Florida Statutes, sections 466.021 and 466.032, were amended. The changes took effect in January, 2009.
The new law requires dental laboratories “not physically located within a dental practice operated by a dentist” to complete 18 hours of continuing education credit before July 1, 2010. In other words, if this is your in-house lab, you DO NOT need to attain the continuing education hours. This was due to the FDA’s intervention in the legislative process. But, as is likely the case, you don’t have your own lab and rely on commercial labs— and those labs are registered in Florida— then they will need to comply with the CE requirement before their next registration cycle (July 1, 2010).

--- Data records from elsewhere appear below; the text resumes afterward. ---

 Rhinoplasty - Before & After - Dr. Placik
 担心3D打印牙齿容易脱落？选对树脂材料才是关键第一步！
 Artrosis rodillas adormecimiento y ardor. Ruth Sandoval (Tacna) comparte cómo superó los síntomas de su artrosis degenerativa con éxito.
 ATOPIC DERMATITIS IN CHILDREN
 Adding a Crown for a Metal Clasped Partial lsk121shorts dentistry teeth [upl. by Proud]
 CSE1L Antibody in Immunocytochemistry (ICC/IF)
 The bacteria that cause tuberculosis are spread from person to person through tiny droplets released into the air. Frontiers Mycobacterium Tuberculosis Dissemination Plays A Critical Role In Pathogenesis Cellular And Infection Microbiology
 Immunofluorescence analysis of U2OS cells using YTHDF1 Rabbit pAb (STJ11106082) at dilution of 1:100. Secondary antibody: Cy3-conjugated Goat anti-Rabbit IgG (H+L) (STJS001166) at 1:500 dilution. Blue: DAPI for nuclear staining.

Note that the CE requirement DOES NOT apply to commercial labs located in another state or country, because Florida law applies only to Floridaregistered labs. The point for dentists to remember is that, after July 1, 2010, you DO NOT want to do business with a Florida-registered lab that has failed to get its CE hours. Also, if you use a Florida-registered dental lab, you must now include:
• Your dental license number on what was formerly known as the “work order,” now called a “prescription;” and
• A “specification of materials to be contained in each work product”.
When the Florida lab delivers the final product to you, verify that you also receive written disclosure of:
• All materials used by the lab in manufacturing the appliance;
• Certificates of authenticity for each product manufactured; and
• The point of origin of manufacture of each restoration, including the address and contact information of the dental lab.
Please work with your lab to make sure you get the written disclosures. Once you do, treat them with the same dignity as you would other patient records. Keep the disclosure form on file or with your patient’s chart.
DO NOT throw it away as “packing material.” Thanks to the efforts of the FDA, we are happy to report that the continuing education mandate and the point of origin disclosure DO NOT apply to your in-house labs. In other words, if you employ a dental laboratory technician who works in your office, under your supervision, and only for you; then neither you (nor your lab tech) need concern yourselves about these new laws that took effect January 1, 2009. The FDA has also helped to ensure that dentists may continue to do business with out-of-state labs if they wish.
The legislation contains language stating that the new requirements DO NOT apply to dental laboratories in another state (e.g., Georgia or Alabama) or country (e.g, China or India).